Graduate Course Offerings

Winter 2025 Graduate Courses

ENGL 7206: Writing Fiction – The Supernatural Novella

Professor Lisa Moore

Mondays, 19:00–22:00

Image: Photograph by Lisa Moore 

I believe everyone has the capacity and the very human need to tell stories. In this course we will pay attention to the techniques that allow for the very best expression of these stories. The genre of the supernatural allows us to explore our fears and regrets, chasms of loss and the liminal spaces that allow us to question the essence of being human, of being alive, how we might exist differently, what it might mean to be dead, or in between.

We will explore those things that make us toss and turn at night, the private horrors that we hold at bay during the business of our daily lives; the fears that grow out of the ordinary grind, the news, the dead seagulls that dotted the sidewalks of St. John’s several months back, like omens, perhaps part of the avian flu that caused thousands of seabirds to die off at the Cape St. Mary’s bird sanctuary. Harbingers of climate crisis. The haunted houses of resettlement, or the boarded-up strip malls that are both present and absent at once; abandoned zombie mines leeching arsenic without clean up or proper shut down; the debris of decommission oil rigs; the churches of Newfoundland up for sale – all the haunted gothic castles of modernity. The hints of uncanny horrors that run rampant across contemporary human experience, as well the ways in which the spirit world, metaphorical or otherwise, might guide us or provide sanctuary. We will think about sanctuary, the idea of the sacred, the hallowed, and haunted. 
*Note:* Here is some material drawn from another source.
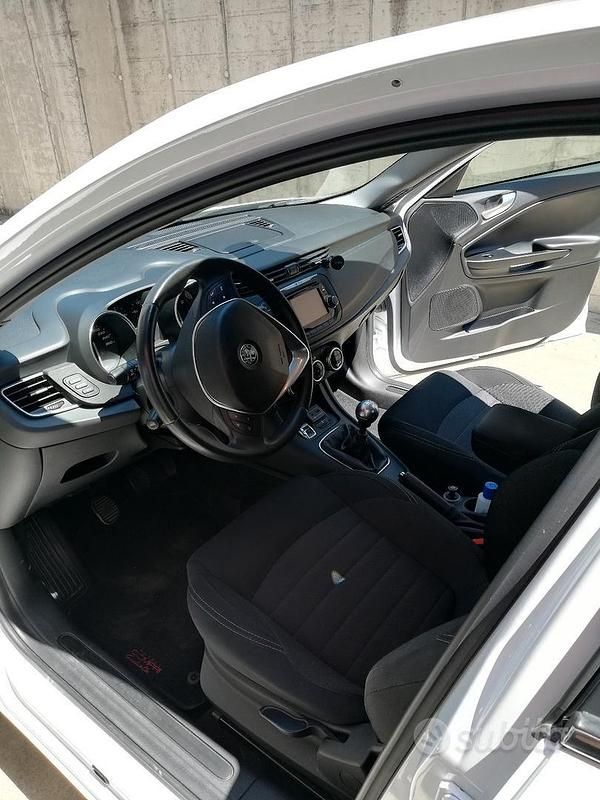Usata Alfa Romeo Giulietta 2016 Bianco Berlina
This semester we will be exploring the novella – a long short story or a short novel, normally considered to be between 20,000 – 60,000 words. This form will allow for the charged, undiluted intensity offered by the short story form along with some of the best freedoms of the novel – the ability to develop protagonists more fully, to populate the story with strong secondary characters, to create a whole and immersive world, and to allow for secondary plot lines, tangents, and thematic asides. This foray into the novella will allow us to experiment with the techniques required to sustain tension and unity over a longer form than the short story. As with novels or short stories, we will be bringing strict attention to composition, on the level of overall plot, the paragraph and even the word.

ENGL 7785: Narrative and Comics

Dr. Nancy Pedri

Tuesdays, 13:00–16:00

Image: Winsor McCay's Little Sammy Sneeze strip.

Narration and Comics considers established and emerging storytelling techniques of both multimodal and purely visual graphic narratives. We will pay particular attention to the unique grammar of the comics medium to ask how graphic narrative responds to the conventions of narrative and genre. To better understand how this form of storytelling structures perception and knowledge, an examination of a variety of graphic narratives—each with a unique storytelling style—will be informed by recent work in narrative theory (narratology), visual cultural studies, and the growing field of comics studies.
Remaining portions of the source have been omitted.